É intrigante o quanto Almodóvar trata a dor e a morte em seus filme, sobretudo os mais recentes, como “Dor e Glória”, em que Antonio Banderas vive em luta com sua dor crônica nas costas. A dor muitas vezes define os personagens almodovarianos. A morte também. Mas em “The Room Next Door” é a liberdade de “ser dono de sua própria existência” que está em jogo.
Ingrid, ao contrário de Martha, não está preparada para a morte, mas ainda assim respeita a decisão da amiga e a apoia no plano de viajar para uma casa de montanha para concretizar seu plano de partida. Com uma narrativa calcada em muita história contada por Martha, que, naturalmente, está em uma fase de rememorar, repassar suas questões antes de partir, “The Room Next Door” é um tanto frio, destacado, que se assiste quase com um distanciamento como quem assiste a uma aula.

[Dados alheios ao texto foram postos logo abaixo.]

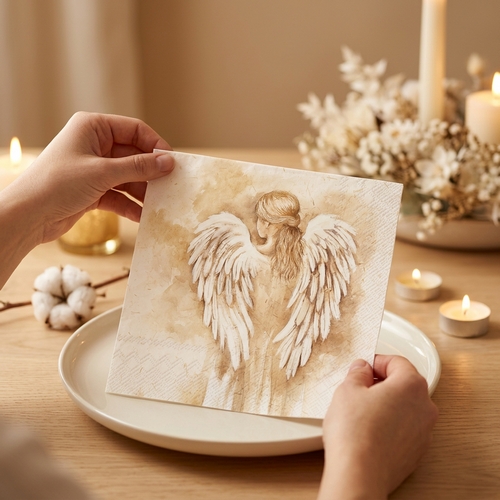 20 Servietten Romantic Angel cream - Mädchen als Engel creme 33x33cm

A direção sóbria, um dos pontos que sinalizam o amadurecimento do cineasta, que já foi tão melodramático e até cômico e barroco, permite com quem o drama nunca caia em um melodrama rasgado. As cores de Almodóvar continuam em cena, principalmente em roupas em tons de pink, azul, vermelho e verde. Mas, nesta nova incursão pela alma humana, tudo é mais frio, mais “clean”, mais equilibrado.

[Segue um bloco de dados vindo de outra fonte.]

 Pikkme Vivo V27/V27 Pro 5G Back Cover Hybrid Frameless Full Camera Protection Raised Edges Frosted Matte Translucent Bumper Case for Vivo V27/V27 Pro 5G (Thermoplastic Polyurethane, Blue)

Martha e Ingrid conversam muito, há um tom de volta ao passado, claro, de tentar fazer as pazes com temas não resolvidos, de repassar a trajetória. Mas tudo é filmado com o distanciamento que faz com que o público mergulho nas questões que elas trazem, mas não se derrame em lágrimas ou autocomiseração jamais.
“São raros os filmes que trazem histórias de amizade feminina, que especialmente são mais velhas. Isso é muito especial e único”, comentou Julianne Moore que, ao lado de Tilda e Almodóvar, recebeu cerca de 16 minutos de aplausos na sessão de gala do filme.
A performance da dupla pode até render uma Copa Volpi (o prêmio dado às melhores atuações) em um ano em que há filmes com grandes papeis femininos, como “Maria”, com Angelina Jolie, “Babygirl”, com Nicole Kidman, além de “Ainda Estou Aqui”, com Fernanda Torres.
“The Room Next Door”, bem ao modo do diretor espanhol, fala de muitos temas, como tolerância, empatia e escolhas. Ao tratar de tema tão delicado como a eutanásia, ele pode não ousar na forma, que é delicada e, ao mesmo tempo, contundente, mas ousa ao falar abertamente e com afeto de um tema que aparentemente é sobre a morte, mas trata, no fundo, do direito de cada um de gerir sua própria vida. E isso não é pouco.